Image via Flickr user Nullalux
A five-star furore erupted a couple of weeks ago in the US as the AIGA added ‘justified’ (effectiveness) criteria to its its established graphic design awards. Stoked by a passionate plea from Pentagram’s Paula Scher the dust is still in the air. Crudely reduced, the argument is about art vs. commerce. Beauty, exploration and inspiration vs. quantifiable outcomes and the somewhat true suggestion that the two are forever opposed.
Product designs must function yet fashion design takes liberties with practicality. Graphic designers – working on apps & apple juice, brands & bus timetables, ebooks & exhibitions, websites & wayfinding – juggle widely varying blends of function and aesthestics. Some good graphic design contributes enduringly to our visual culture, but a great deal of it has a mayfly lifespan shifting sandwiches before being binned. Really good graphic design looks upliftingly great and fulfils an useful function.

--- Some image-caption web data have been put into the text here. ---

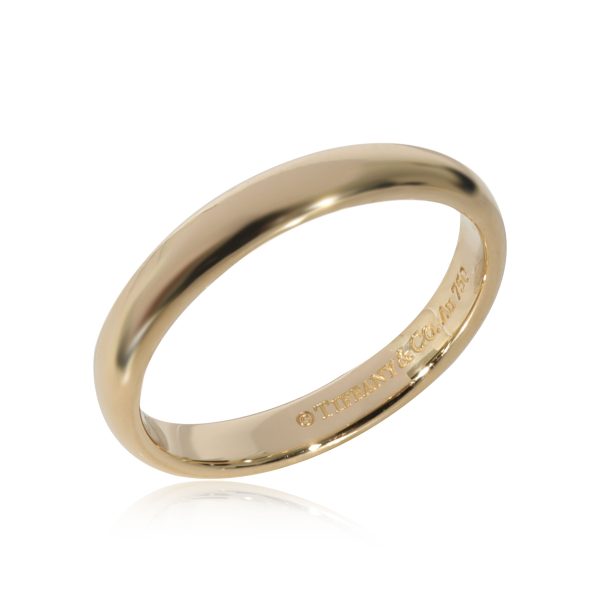 128257 pv Tiffany Co Tiffany Forever Wedding Band in 18k Yellow Gold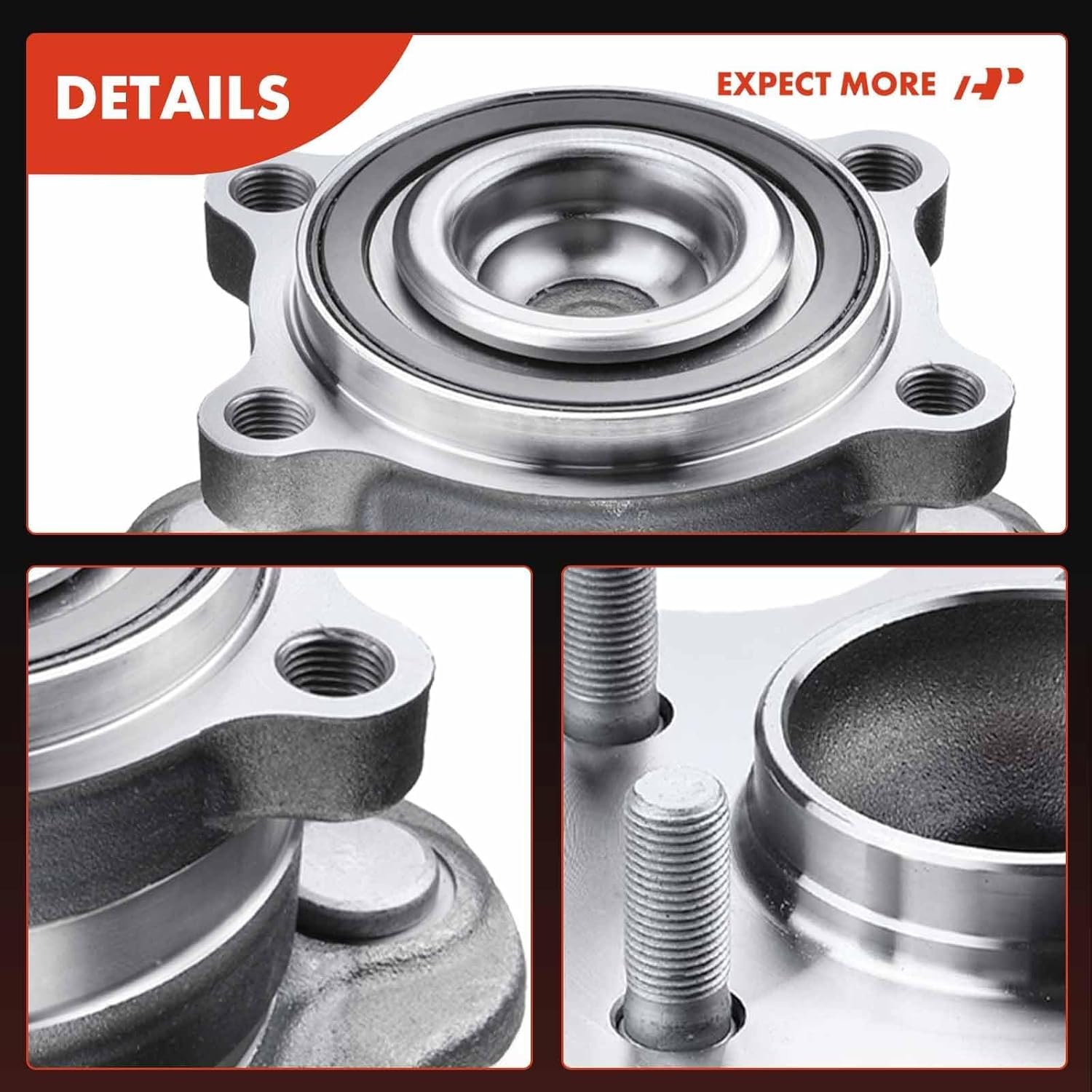 A-Premium 2 x Rear Wheel Bearing and Hub Assembly with 5-Lug Compatible with Nissan & Infiniti Models - 2007-2023 - Altima, Pathfinder, Maxima, Murano, QX60, JX35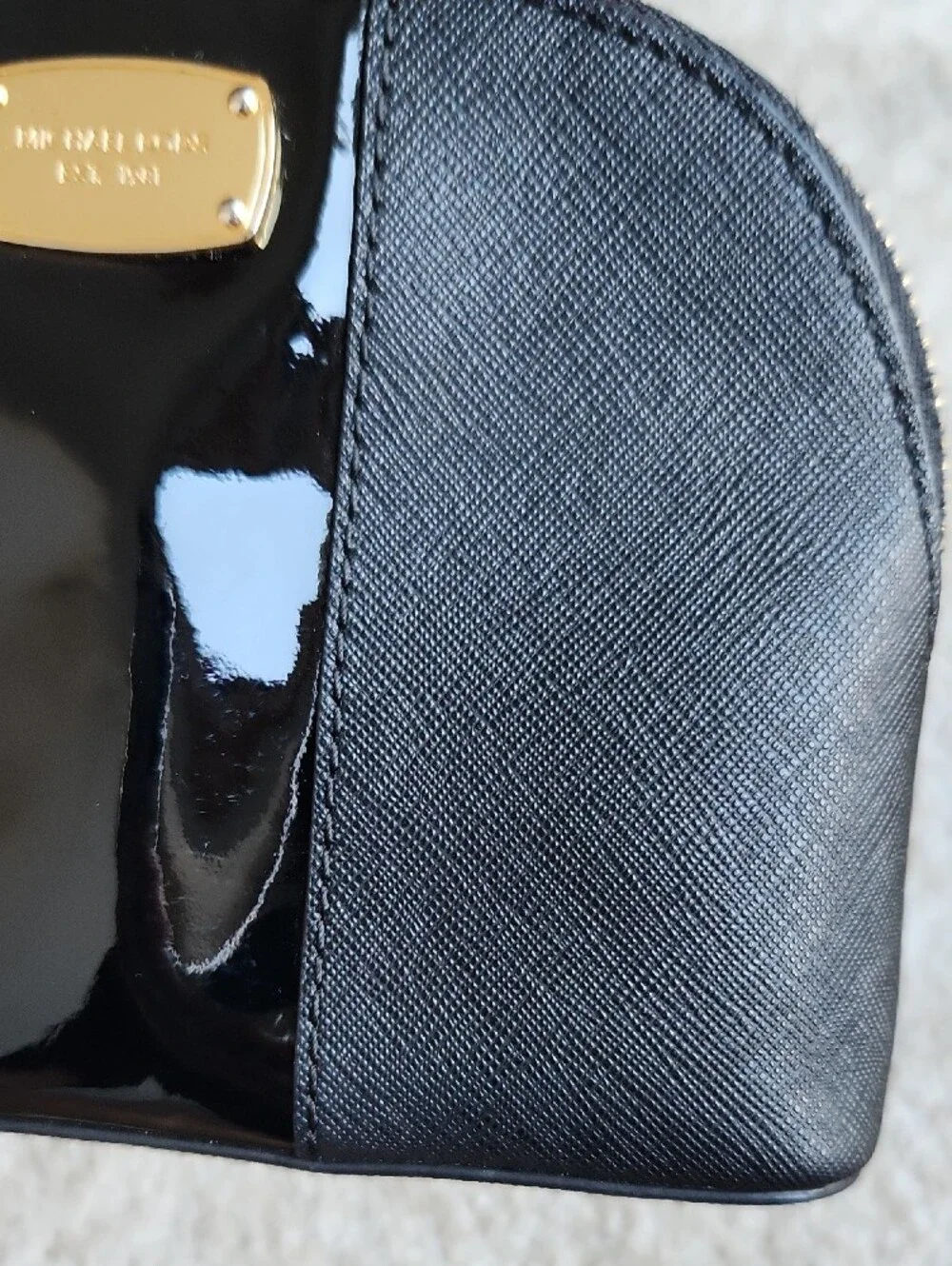 Michael Kors - Black Cosmetic Pouch With Gold Hardware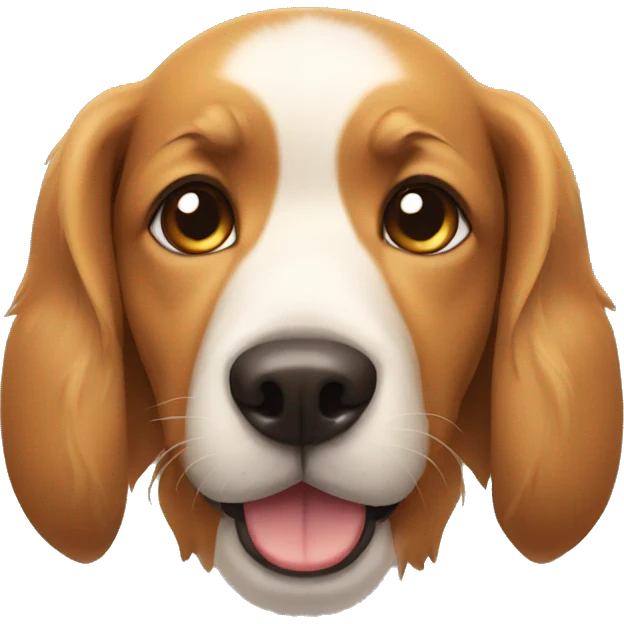 Dog giving eyeside look emoji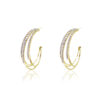 Wholesale Cool Full Diamond Hoop Earrings Exaggerated Large Earrings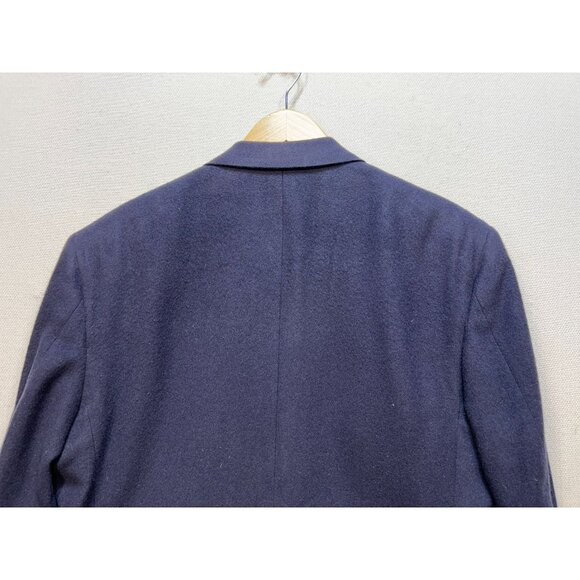 Bill Blass Men's Notch Collar 2-Button Blazer Sports Coat 40R Blue Long Sleeve - Picture 12 of 13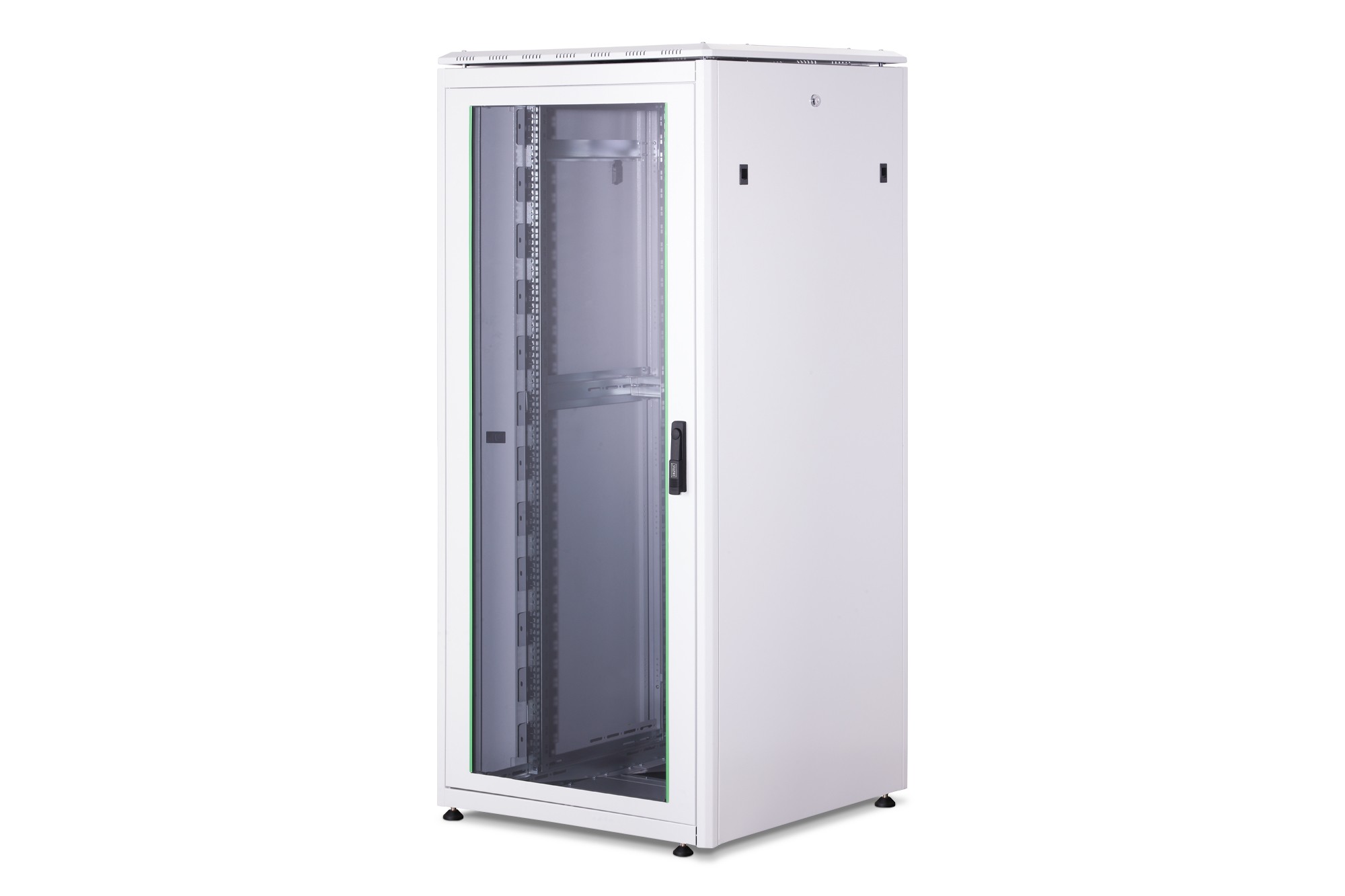 DN-19 36U-8/8-1  ARMARIO SUELO 19" 36U 800x800 gris (RAL 7035) Unique Capacidad de carga: 1200 kg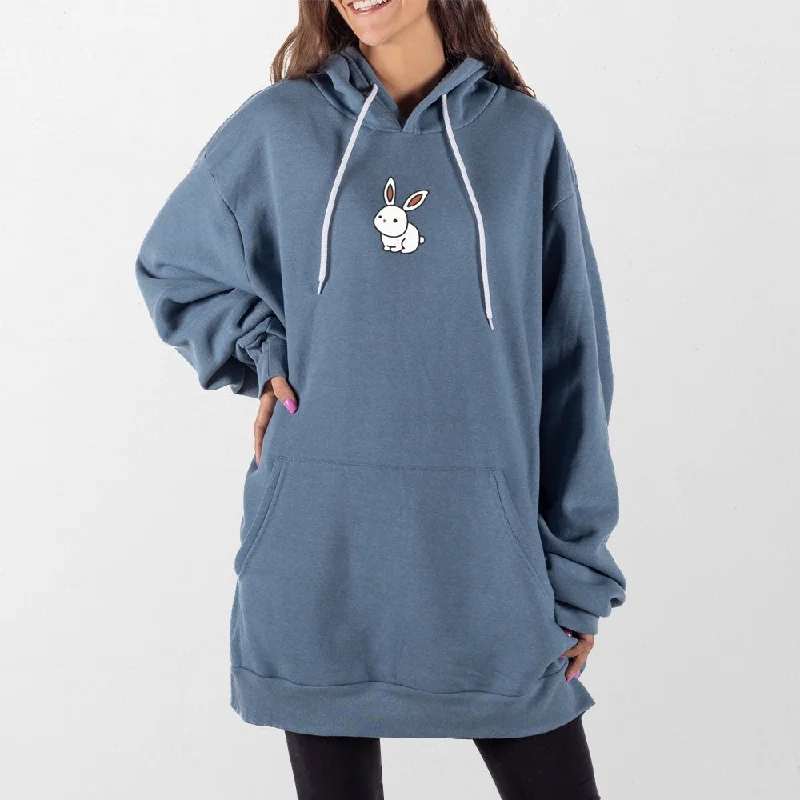 Men’s oversized pullover hoodie-Bunny Giant Hoodie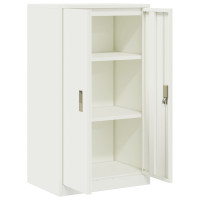 Produktbild för Förvaringsskåp Vit 60 x 40 x 105 cm Stål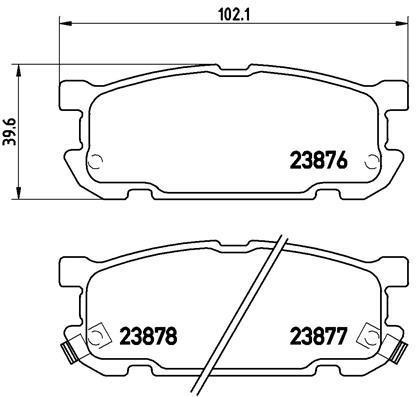 Jogo de 4 pastilhas de travão BREMBO ref. P 49 030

Defining awards criteria is as challenging as agreeing on what meets them. Arriving at aesthetic design criteria is fraught and sometimes subjective, but establishing commercial criteria is at best uneven (is this local bakery’s brand identity better that that airline’s…?). Intertwining the two is asking for trouble. All awards thrive on debate – who would notice them if they were not controversial (I have to agree with Johnson Banks on this year’s D&AD annual: how did The Comedy Carpet not get in?).
Awards – who needs ’em? Carrots for ‘creatives’ and clients alike, awards provide an ego-boost rarely denied by winners whose hard-working colleagues get a good excuse to party. For designers, ‘creative awards’ set a standard to aspire to or be inspired by. Clients love the apparent reassurance that their suppliers know what they are doing. The ‘justified’ / effectiveness awards component (best served by a separate competition as in the UK) might reassure designers that their work ‘makes a difference’ but its real value is in convincing the less confident / imaginative client budget holder – and ‘business’ at large – that design investment ‘works’.
I have done some awards development and judging and have been an author / contributor for some award-winning work (nothing major), but I continue to – feebly – assert that I’m not fussed about them, expensive & time-consuming as they are to enter. The only pencils with my name on are the ones my Gran used to give us all at Christmas and I still like those.
*Logical, but inexplicably hateful term.